==== THE DATA ====
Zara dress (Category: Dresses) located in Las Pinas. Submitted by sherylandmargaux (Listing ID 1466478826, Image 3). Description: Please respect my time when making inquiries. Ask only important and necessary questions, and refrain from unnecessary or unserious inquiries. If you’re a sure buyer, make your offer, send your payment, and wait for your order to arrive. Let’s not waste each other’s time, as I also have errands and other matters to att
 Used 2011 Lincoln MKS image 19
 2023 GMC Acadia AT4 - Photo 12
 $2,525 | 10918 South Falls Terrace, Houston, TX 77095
====
*TASK DETAILS*: Start at the line with "Used 2011 Lincoln MKS image 19". Give that line and every line after it again, word for word, through the last line above.

*RESPONSE TO THE TASK*:
 Used 2011 Lincoln MKS image 19
 2023 GMC Acadia AT4 - Photo 12
 $2,525 | 10918 South Falls Terrace, Houston, TX 77095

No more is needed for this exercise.